Volume 12, Number 2—February 2006
Waterborne Toxoplasmosis, Brazil, from Field to Gene
Highlight and copy the desired format.
|EID||de Moura L, Bahia-Oliveira L, Wada MY, Jones JL, Tuboi SH, Carmo EH, et al. Waterborne Toxoplasmosis, Brazil, from Field to Gene. Emerg Infect Dis. 2006;12(2):326-329. https://dx.doi.org/10.3201/eid1202.041115|
|AMA||de Moura L, Bahia-Oliveira L, Wada MY, et al. Waterborne Toxoplasmosis, Brazil, from Field to Gene. Emerging Infectious Diseases. 2006;12(2):326-329. doi:10.3201/eid1202.041115.|
|APA||de Moura, L., Bahia-Oliveira, L., Wada, M. Y., Jones, J. L., Tuboi, S. H., Carmo, E. H....Garrett, D. O. (2006). Waterborne Toxoplasmosis, Brazil, from Field to Gene.
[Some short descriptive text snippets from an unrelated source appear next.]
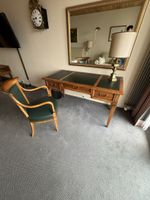 Antiker Schreibtisch mit Stuhl, Leder, Holz, Top Zustand!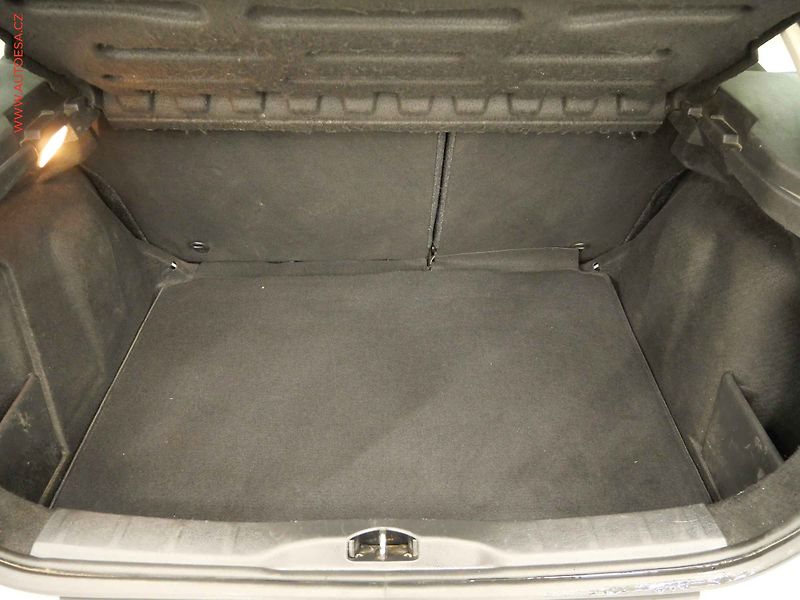 Citroën C4 (2009) 1.4i, 2.maj,ČR, AC, temp - fotka 7 z 20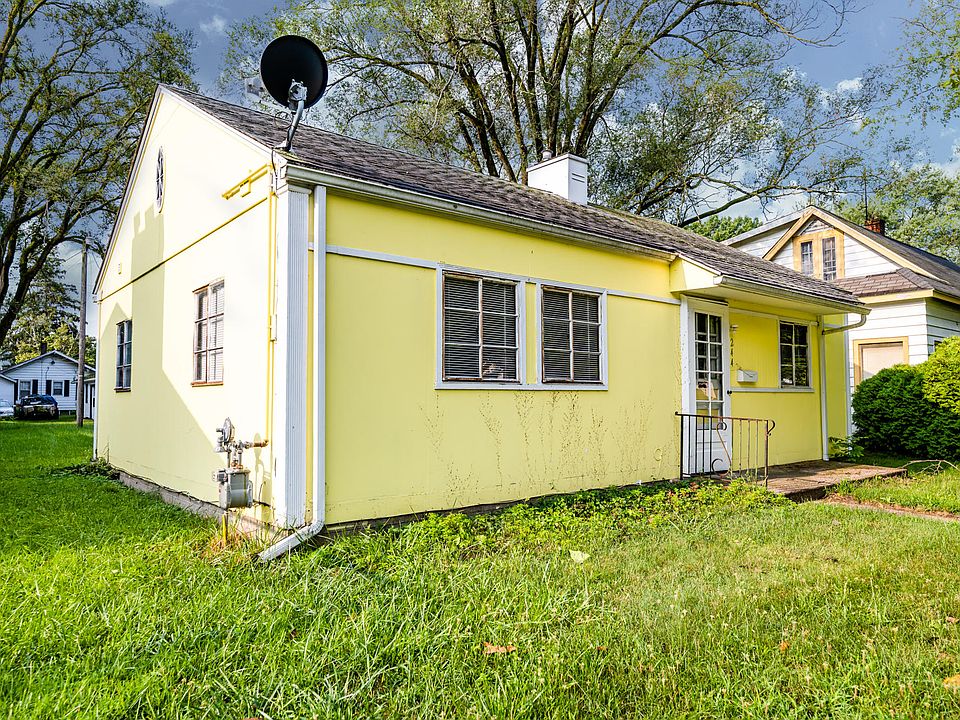 1st image of 244 Searles Ave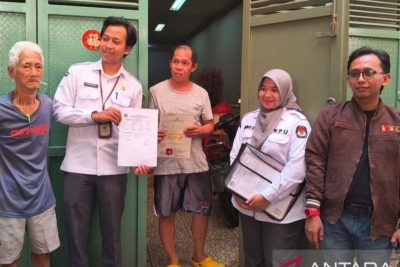 Facing Challenges: KPU Jakarta Barat Intensifkan Coktas, Pastikan Pembaruan Data Pemilih Akurat dan Bersih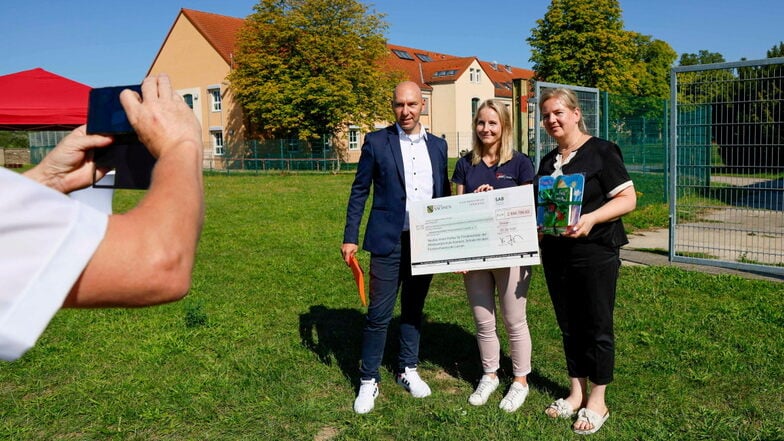 Große Freude an der Westlausitzschule in Kamenz: Die Förderschule bekommt einen Hortneubau. Hortleiterin Katja Förster (Mitte) und Schulleiterin Eve Pannasch nahmen am Dienstag den Fördermittelscheck zusammen mit AWO-Chef Marcus Beier entgegen.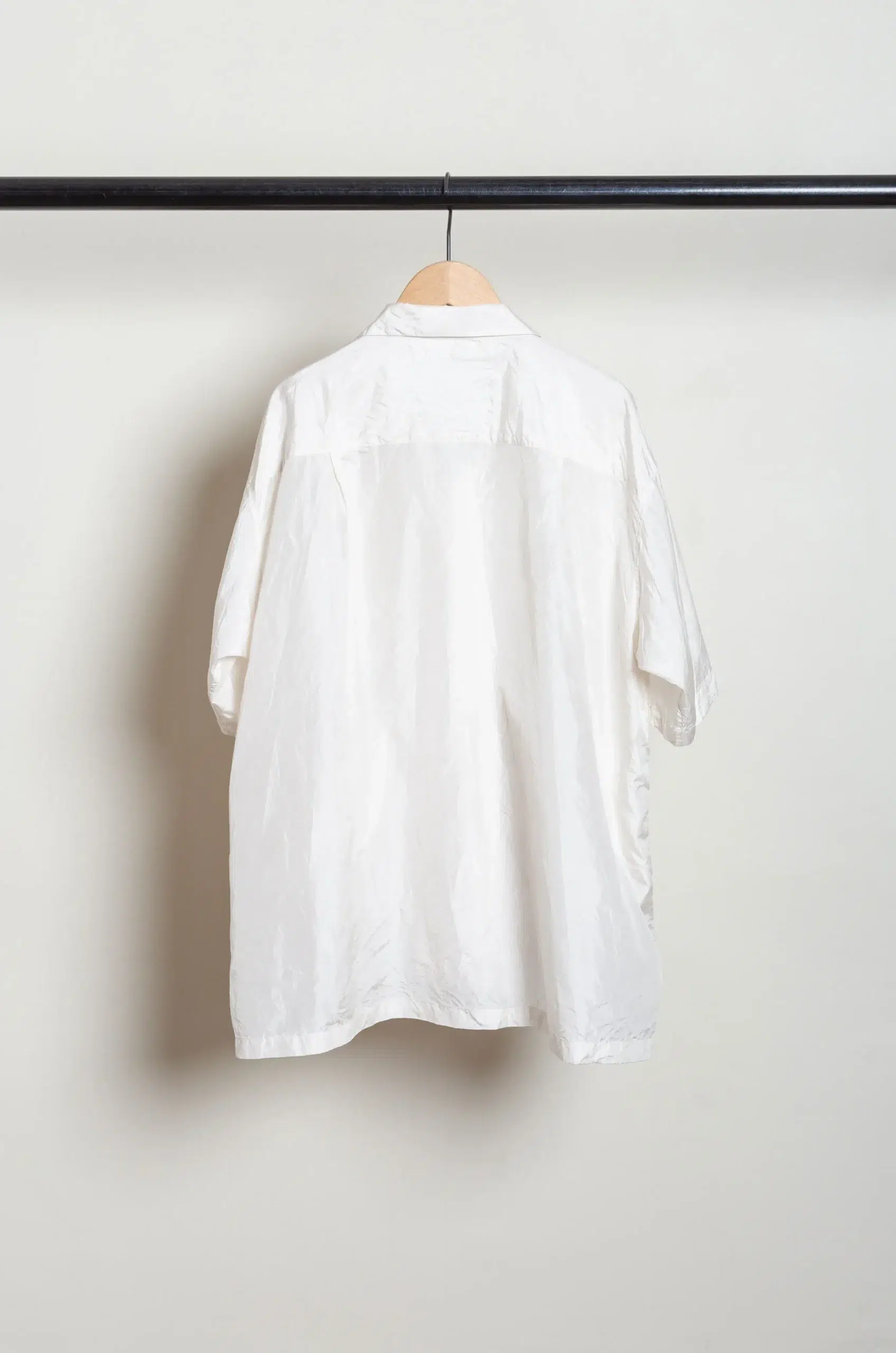 Toujours - Open Collar Short Sleeve Frill Shirt YM44OS02 - Ivory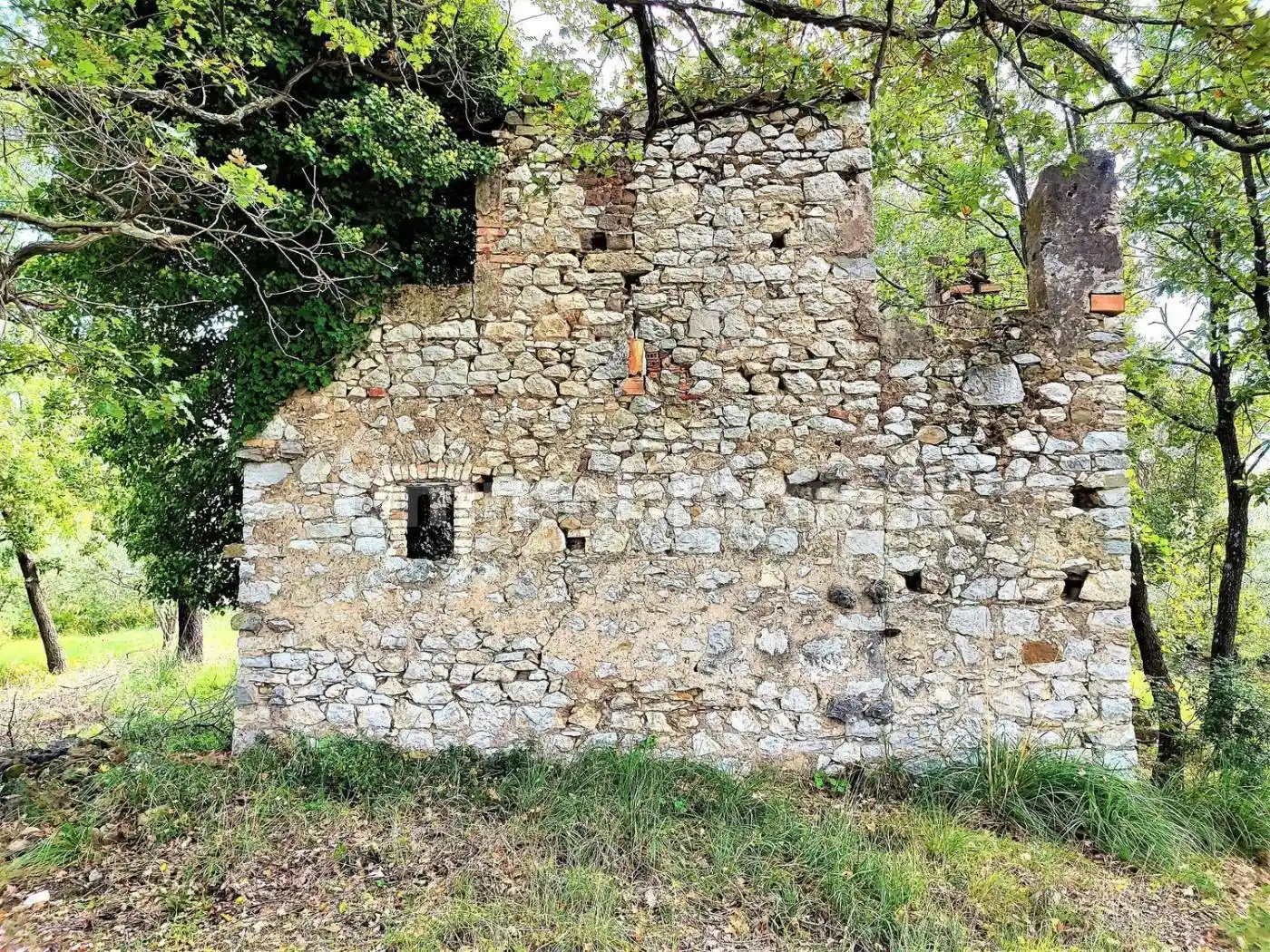 Rustico - Casale in vendita a Santi Cosma e Damiano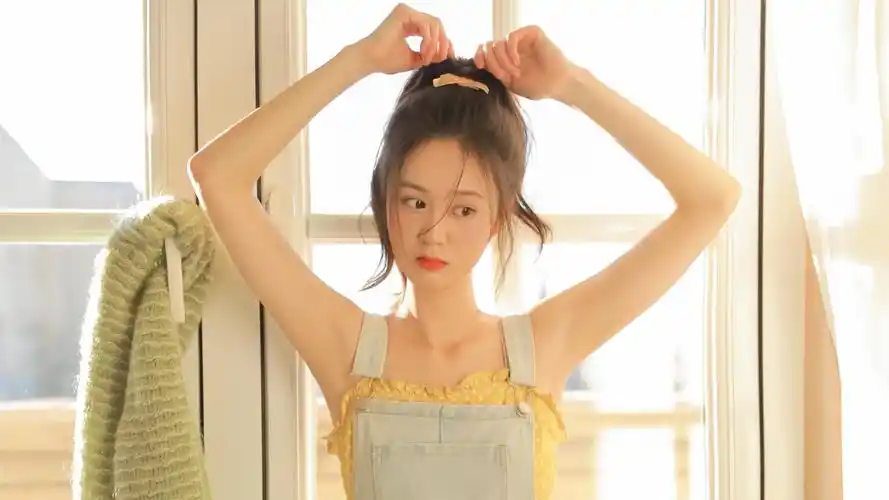 元气美女甜美抖音最火锁屏壁纸图片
Emerging Infectious Diseases, 12(2), 326-329. https://dx.doi.org/10.3201/eid1202.041115.|
Water was the suspected vehicle of Toxoplasma gondii dissemination in a toxoplasmosis outbreak in Brazil. A case-control study and geographic mapping of cases were performed. T. gondii was isolated directly from the implicated water and genotyped as SAG 2 type I.
Water has been considered an important vehicle for disseminating human toxoplasmosis in outbreaks (1,2) and in endemic settings in Brazil (3). We investigated a large toxoplasmosis outbreak in which the exposure to known sources of Toxoplasma gondii infection was assessed. We found that unfiltered, municipally treated water was the epidemiologically implicated source of infection for this outbreak. Isolation, polymerase chain reaction (PCR) detection, and genotyping of T. gondii from the implicated water source were demonstrated.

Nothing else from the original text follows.